PROJECT SUMMARY Non-inferiority trial of a therapeutic vaccine against Chagas disease in naturally- infected rhesus macaques Chagas disease is a major vector borne parasitic disease cause by the protozoan parasite Trypanosoma cruzi, with over 6 million cases in the Americas. Chronic chagasic cardiomyopathy (CCC) is the most common and life-threathening manifestation of Chagas disease. There is a critical need to develop new treatments for Chagasic patients, and vaccines would represent a very cost-effective alternative to drug therapy. Preventive and therapeutic vaccines have shown promise in mouse and dog models, in particular with vaccines based on TSA-1 and Tc24 parasite antigens. Therefore, our long-term goal is to develop a human vaccine, to improve the prevention and control of Chagas disease, and we have established a first public-private consortium to reach this goal. The overall objective of the project is to evaluate the safety and efficacy of a therapeutic vaccine against T. cruzi in non-human primates by performing a non- inferiority trial in naturally infected rhesus macaques. Chagasic macaques will be randomly assigned to treatments based on (a) our therapeutic vaccine alone, (b) therapeutic vaccination plus subpatent benznidazole (BZN) treatment, for a non- inferiority comparison with (c) the standard BZN drug treatment (comparator arm). We will use blood parasitic load measured by qPCR, immediately (month 3) and 10 months after treatment as a primary efficacy outcome, as in several current clinical trials. We will test the hypothesis that therapeutic vaccination (alone or combined with BZN) is non- inferior to conventional BZN treatment, immediately and 10 months after treatment. We will also monitor cardiac function through electrocardiographic and echographic recordings as a secondary outcome, to test the hypothesis that cardiac function can be preserved by therapeutic vaccination. Finally, we will identify the immune correlates and biomarkers for disease progression and response to treatments by associating candidate molecules with cardiac function and parasite burden. Upon completion of these studies, we expect to identify a leading vaccine candidate for future clinical trials, which will lead to improved patient care and control of Chagas disease.

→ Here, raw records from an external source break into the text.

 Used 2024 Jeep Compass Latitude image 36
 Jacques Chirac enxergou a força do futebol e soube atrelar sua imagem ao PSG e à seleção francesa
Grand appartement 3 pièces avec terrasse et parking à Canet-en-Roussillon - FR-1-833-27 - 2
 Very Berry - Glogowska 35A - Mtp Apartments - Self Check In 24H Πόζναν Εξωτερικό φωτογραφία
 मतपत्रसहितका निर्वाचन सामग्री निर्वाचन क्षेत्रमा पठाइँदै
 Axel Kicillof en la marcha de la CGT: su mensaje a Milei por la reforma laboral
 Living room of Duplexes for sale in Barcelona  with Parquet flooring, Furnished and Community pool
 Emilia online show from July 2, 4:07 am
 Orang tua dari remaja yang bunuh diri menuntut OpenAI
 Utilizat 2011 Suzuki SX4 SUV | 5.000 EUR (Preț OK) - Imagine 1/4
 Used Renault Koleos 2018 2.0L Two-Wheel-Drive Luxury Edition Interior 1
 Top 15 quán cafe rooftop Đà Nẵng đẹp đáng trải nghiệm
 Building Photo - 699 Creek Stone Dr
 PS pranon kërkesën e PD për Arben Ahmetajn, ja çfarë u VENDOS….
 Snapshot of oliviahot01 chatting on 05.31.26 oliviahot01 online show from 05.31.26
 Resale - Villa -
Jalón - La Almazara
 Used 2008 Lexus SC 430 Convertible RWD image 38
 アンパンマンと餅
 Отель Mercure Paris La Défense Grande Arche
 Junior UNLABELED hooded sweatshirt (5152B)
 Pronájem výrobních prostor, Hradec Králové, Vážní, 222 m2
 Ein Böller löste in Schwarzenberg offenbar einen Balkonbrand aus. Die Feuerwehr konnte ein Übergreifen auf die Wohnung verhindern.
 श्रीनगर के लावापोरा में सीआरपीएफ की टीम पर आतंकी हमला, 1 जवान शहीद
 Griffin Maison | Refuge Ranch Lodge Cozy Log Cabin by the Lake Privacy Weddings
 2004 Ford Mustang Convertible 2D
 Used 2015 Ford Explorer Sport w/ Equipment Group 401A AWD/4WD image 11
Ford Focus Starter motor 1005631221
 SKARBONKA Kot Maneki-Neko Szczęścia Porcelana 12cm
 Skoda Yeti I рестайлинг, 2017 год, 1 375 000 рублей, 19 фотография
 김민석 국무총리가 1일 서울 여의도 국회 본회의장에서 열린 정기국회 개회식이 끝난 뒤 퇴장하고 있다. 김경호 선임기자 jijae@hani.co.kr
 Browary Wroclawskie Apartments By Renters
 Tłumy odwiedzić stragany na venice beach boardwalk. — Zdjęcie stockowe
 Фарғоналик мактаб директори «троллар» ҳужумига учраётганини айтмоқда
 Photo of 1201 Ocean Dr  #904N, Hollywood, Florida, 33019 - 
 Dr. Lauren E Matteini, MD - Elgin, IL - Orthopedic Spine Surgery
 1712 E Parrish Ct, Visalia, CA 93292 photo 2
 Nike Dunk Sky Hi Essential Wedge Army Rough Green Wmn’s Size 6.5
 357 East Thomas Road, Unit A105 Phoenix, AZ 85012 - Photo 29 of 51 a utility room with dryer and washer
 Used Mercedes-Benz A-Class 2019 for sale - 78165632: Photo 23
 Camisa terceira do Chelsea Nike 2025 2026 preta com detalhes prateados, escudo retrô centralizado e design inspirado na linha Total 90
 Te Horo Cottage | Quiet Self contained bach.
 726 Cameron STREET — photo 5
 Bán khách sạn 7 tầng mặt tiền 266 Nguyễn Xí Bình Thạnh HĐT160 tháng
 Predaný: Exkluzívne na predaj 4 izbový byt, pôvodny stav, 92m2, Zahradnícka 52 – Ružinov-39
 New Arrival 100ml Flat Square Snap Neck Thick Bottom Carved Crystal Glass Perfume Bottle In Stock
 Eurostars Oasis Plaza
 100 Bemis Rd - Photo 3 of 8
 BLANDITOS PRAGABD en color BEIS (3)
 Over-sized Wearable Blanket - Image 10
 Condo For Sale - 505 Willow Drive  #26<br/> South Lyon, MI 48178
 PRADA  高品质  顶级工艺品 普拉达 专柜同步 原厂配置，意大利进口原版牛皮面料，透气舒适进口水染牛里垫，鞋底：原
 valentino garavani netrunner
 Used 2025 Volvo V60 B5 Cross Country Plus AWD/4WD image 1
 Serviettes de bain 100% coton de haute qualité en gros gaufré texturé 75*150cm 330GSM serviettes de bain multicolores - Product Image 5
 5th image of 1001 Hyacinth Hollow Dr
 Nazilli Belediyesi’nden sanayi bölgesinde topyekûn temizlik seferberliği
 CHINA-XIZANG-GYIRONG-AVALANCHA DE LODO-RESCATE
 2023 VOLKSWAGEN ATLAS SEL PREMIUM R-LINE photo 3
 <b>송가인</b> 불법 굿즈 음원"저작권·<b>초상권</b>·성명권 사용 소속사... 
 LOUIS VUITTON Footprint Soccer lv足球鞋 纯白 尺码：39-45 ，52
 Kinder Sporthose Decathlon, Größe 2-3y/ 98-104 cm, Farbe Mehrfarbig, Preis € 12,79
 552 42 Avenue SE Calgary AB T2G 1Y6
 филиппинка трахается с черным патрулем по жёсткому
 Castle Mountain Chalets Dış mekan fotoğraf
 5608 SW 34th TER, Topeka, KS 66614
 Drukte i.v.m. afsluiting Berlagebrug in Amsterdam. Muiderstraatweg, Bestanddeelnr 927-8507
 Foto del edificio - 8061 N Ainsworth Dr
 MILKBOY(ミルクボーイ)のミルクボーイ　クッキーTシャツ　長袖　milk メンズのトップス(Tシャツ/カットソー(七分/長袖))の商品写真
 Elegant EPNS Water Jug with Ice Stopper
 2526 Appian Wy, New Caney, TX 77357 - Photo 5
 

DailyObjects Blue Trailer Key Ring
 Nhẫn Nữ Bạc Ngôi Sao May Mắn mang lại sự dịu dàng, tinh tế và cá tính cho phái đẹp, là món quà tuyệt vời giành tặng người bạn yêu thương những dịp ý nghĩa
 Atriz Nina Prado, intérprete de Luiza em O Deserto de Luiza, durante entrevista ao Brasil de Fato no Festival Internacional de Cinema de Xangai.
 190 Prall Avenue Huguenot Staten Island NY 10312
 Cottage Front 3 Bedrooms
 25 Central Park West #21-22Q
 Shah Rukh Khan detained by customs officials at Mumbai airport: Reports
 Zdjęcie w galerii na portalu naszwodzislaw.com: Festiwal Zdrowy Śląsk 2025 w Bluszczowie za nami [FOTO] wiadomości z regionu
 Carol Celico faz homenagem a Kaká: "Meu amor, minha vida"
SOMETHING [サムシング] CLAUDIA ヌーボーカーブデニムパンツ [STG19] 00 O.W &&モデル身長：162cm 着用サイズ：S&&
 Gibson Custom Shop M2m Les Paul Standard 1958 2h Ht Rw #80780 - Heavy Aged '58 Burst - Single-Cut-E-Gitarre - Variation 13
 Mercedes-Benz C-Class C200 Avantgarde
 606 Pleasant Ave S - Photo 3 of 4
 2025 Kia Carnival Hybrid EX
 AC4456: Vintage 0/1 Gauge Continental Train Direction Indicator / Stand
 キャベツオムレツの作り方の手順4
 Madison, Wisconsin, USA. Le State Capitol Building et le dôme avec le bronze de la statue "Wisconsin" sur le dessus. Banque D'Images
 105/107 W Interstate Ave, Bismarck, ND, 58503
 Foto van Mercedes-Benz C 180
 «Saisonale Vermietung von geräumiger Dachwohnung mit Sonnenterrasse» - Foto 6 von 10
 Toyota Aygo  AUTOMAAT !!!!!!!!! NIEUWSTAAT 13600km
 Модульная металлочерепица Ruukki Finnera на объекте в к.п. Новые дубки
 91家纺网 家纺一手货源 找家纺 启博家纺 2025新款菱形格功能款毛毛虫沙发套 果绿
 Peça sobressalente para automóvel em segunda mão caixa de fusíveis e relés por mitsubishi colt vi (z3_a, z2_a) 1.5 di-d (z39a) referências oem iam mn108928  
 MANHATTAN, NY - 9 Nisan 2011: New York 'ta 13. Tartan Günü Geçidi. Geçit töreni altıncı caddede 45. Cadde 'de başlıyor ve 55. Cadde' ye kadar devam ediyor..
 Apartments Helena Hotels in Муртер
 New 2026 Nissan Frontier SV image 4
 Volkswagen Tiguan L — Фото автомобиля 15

项目总结 恰加斯病治疗性疫苗在自然条件下的非劣势试验 受感染的恒河猴 恰加斯病是由原生动物引起的一种主要媒介传播的寄生虫病。 克氏锥虫寄生虫，在美洲有600多万例。慢性萎缩症 心肌病(CCC)是最常见和危及生命的临床表现 恰加斯病。迫切需要开发新的治疗方法来治疗焦虑症 疫苗将是药物治疗的一种非常具有成本效益的替代方案。 预防性和治疗性疫苗在小鼠和狗的模型中显示出了希望 特别是基于TSA-1和Tc24寄生虫抗原的疫苗。因此，我们的 长期目标是开发一种人类疫苗，改善对猪流感的预防和控制 恰加斯病，我们已经建立了第一个公私财团来解决这个问题 进球。该项目的总体目标是评估一种 非人灵长类动物克氏毛滴虫治疗性疫苗 自然感染恒河猴的自卑试验。查加西奇猕猴将会是 随机分配到基于(A)我们的治疗性疫苗的治疗，(B) 治疗性疫苗加亚专利苯硝唑(BZN)治疗，用于非 与(C)标准BZN药物治疗(对照ARM)的劣势比较。我们 将立即(3个月)和10个月使用定量聚合酶链式反应(QPCR)测量的血液寄生虫量 治疗后作为主要疗效结果，就像在目前的几个临床试验中一样。我们会 测试治疗性疫苗接种(单独接种或与BZN联合接种)是否是 治疗即刻及治疗后10个月均优于常规补肾宁治疗。我们 还将通过心电图仪和超声心动图监测心脏功能 作为次要结果的录音，以检验心功能可以 通过治疗性疫苗接种保存下来的。最后，我们将确定免疫相关因素和 疾病进展和治疗反应的生物标记物 具有心脏功能和寄生虫负担的候选分子。在完成后 这些研究，我们希望为未来的临床试验确定一种领先的候选疫苗， 这将导致改善患者护理和恰加斯病的控制。